(GIVEN RECORDS)
☆ ☆ ☆ ☆

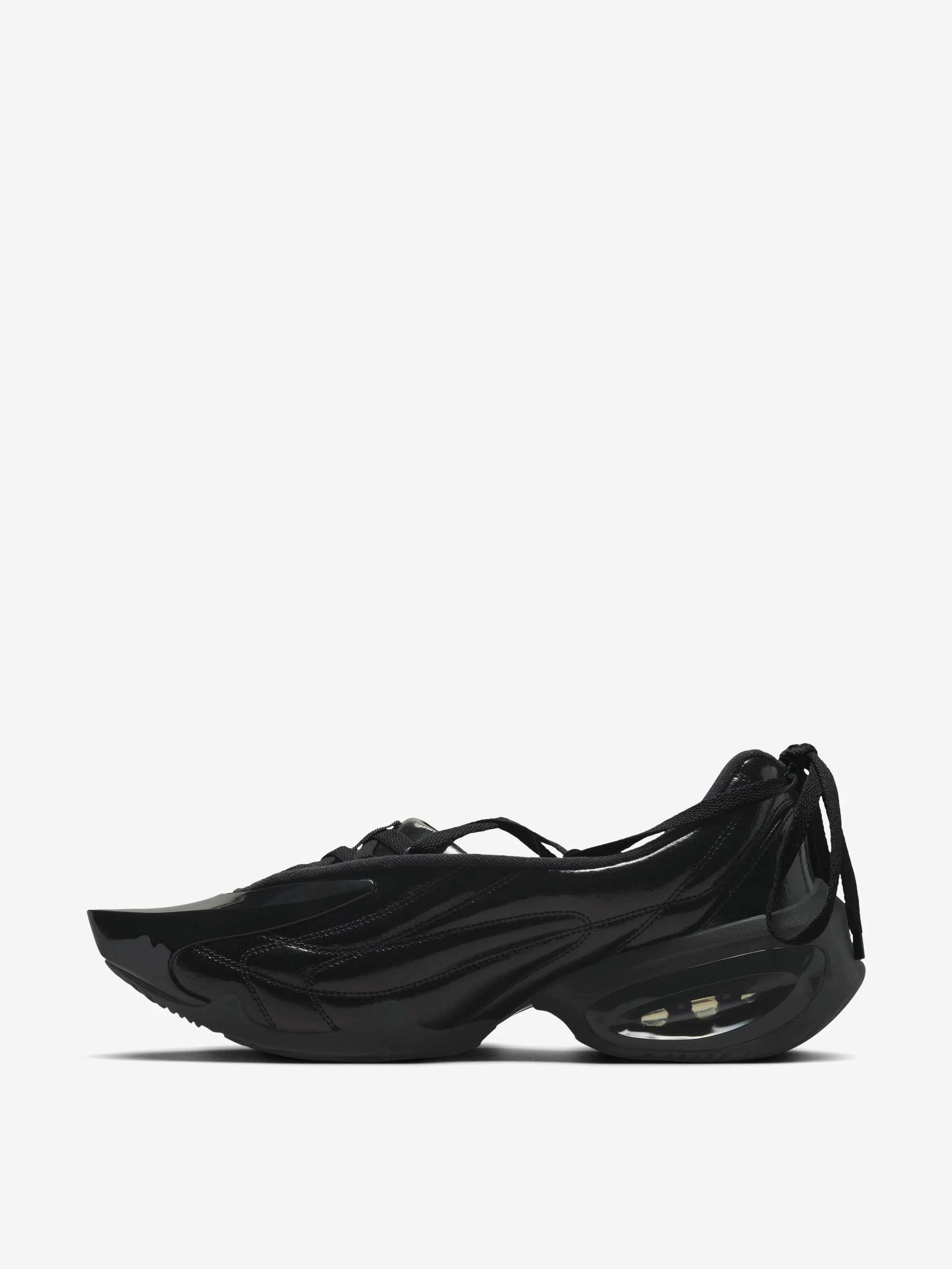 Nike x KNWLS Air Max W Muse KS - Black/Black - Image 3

☆ ☆ ☆ ☆

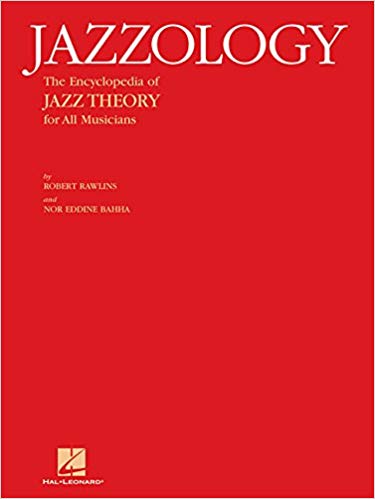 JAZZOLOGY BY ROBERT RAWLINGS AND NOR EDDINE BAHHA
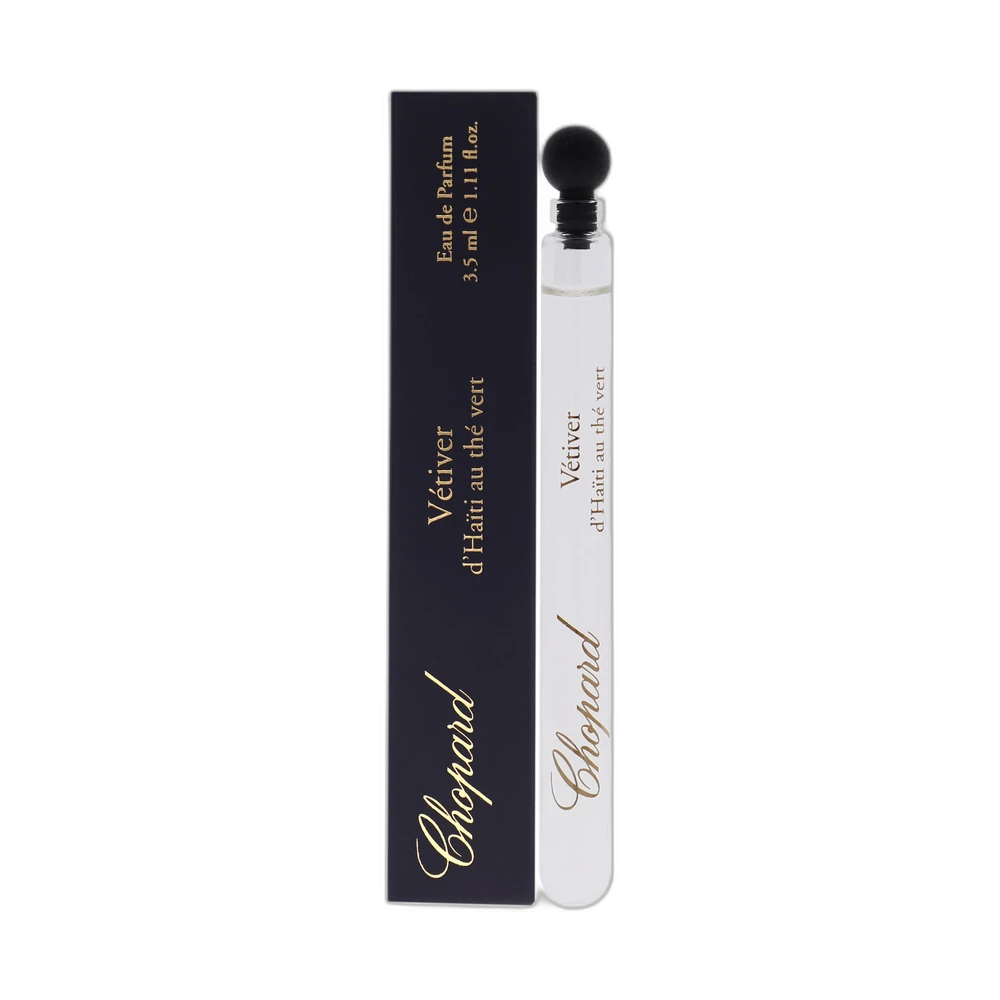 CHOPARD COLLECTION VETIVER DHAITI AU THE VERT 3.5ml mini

☆ ☆ ☆ ☆

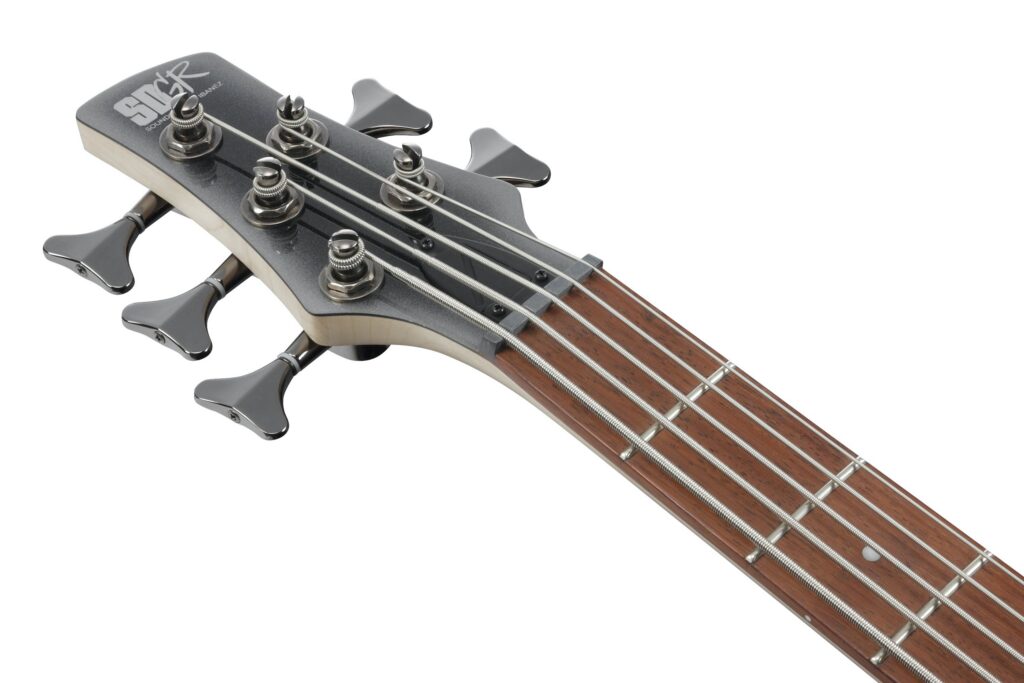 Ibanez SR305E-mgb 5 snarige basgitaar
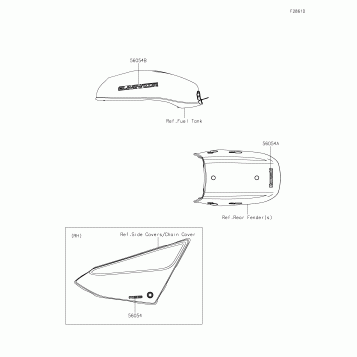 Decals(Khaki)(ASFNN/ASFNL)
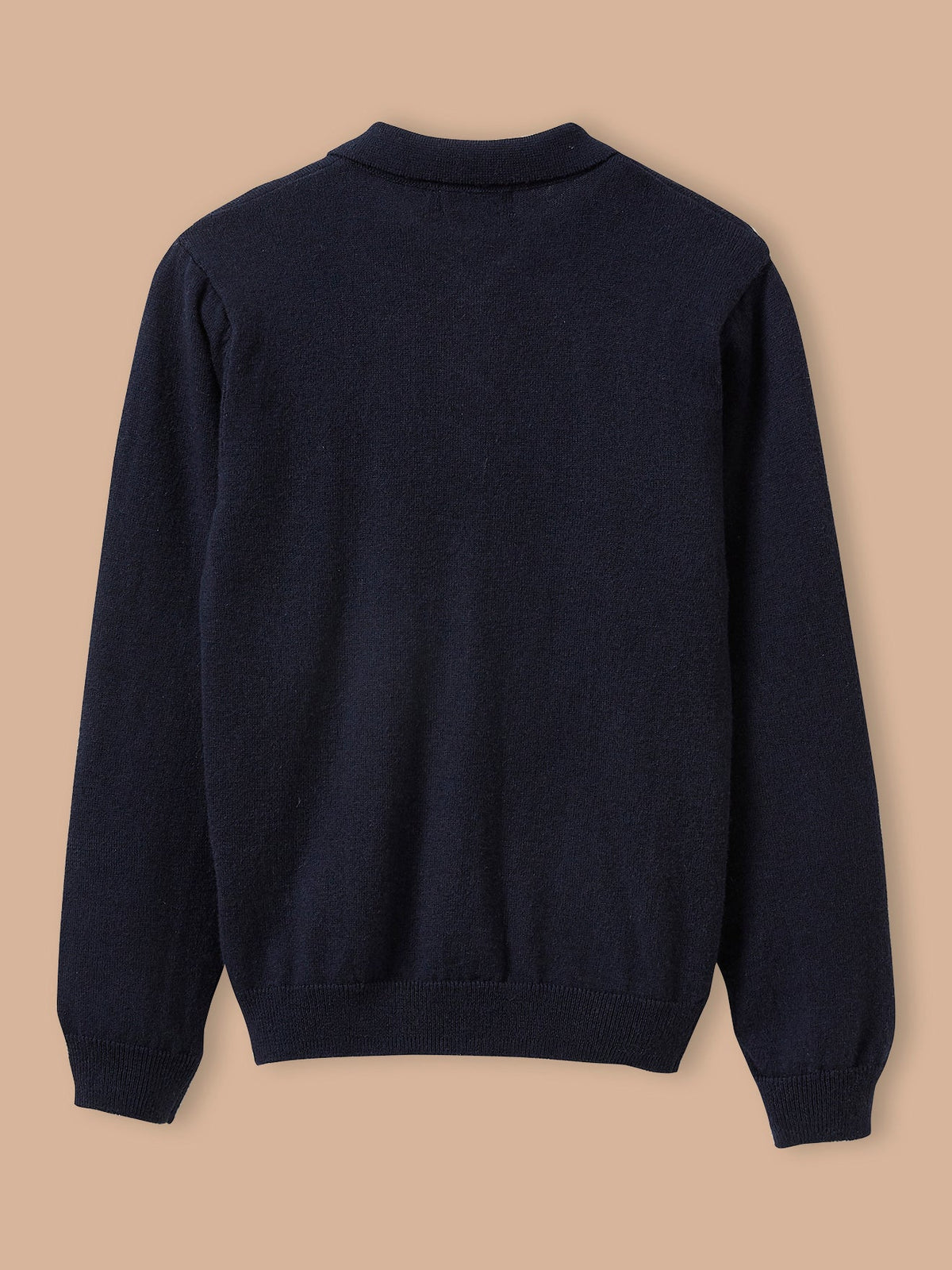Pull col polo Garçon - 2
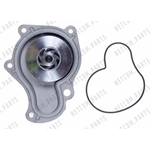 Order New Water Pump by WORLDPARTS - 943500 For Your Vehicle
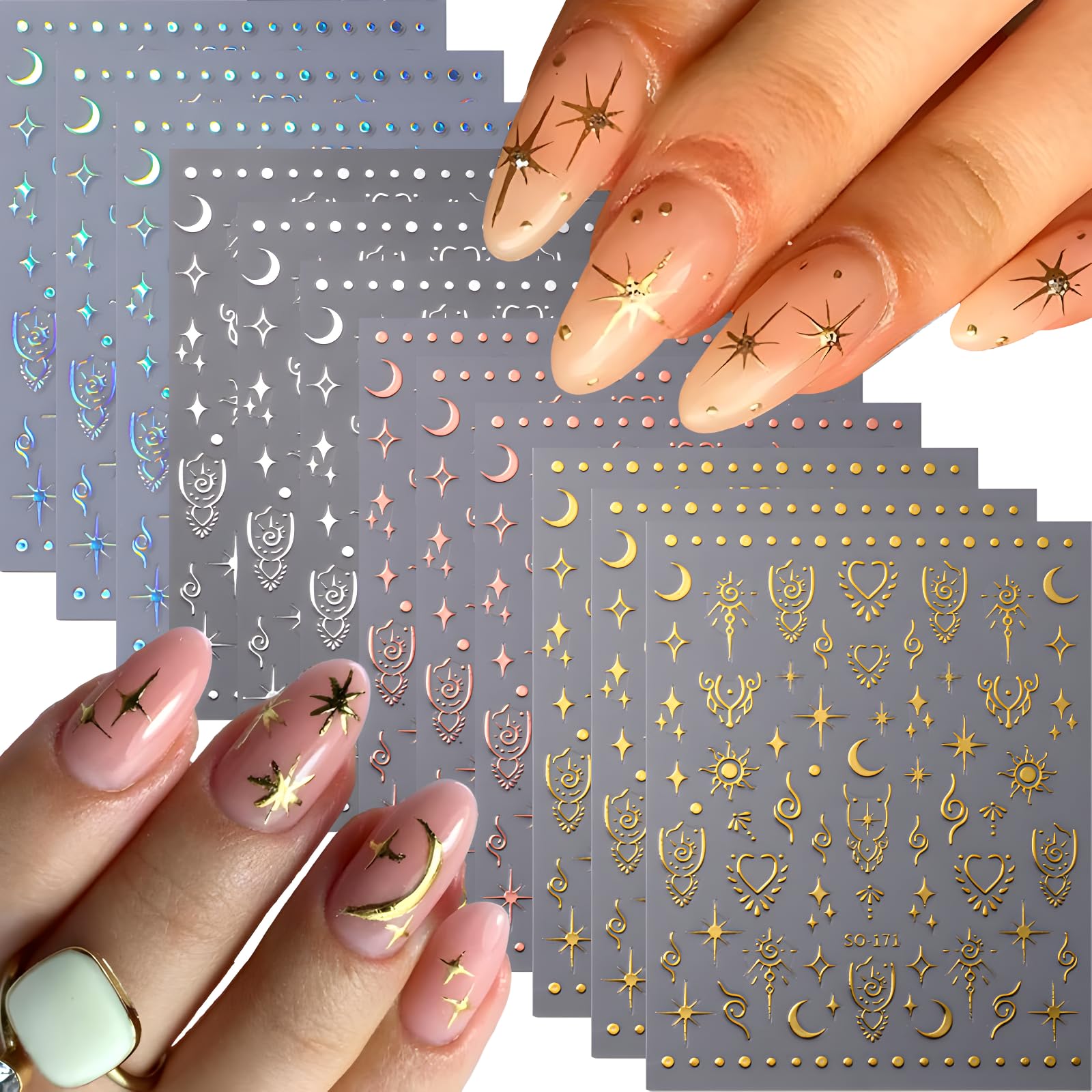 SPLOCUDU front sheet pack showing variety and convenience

☆ ☆ ☆ ☆

(WHAT THIS TASK INVOLVES) What's needed is an exact copy of the records above from the line containing "Order New Water" down to the line containing "SPLOCUDU front sheet", both included, without any pictures.

(EXERCISE OUTPUT)
 Order New Water Pump by WORLDPARTS - 943500 For Your Vehicle
 SPLOCUDU front sheet pack showing variety and convenience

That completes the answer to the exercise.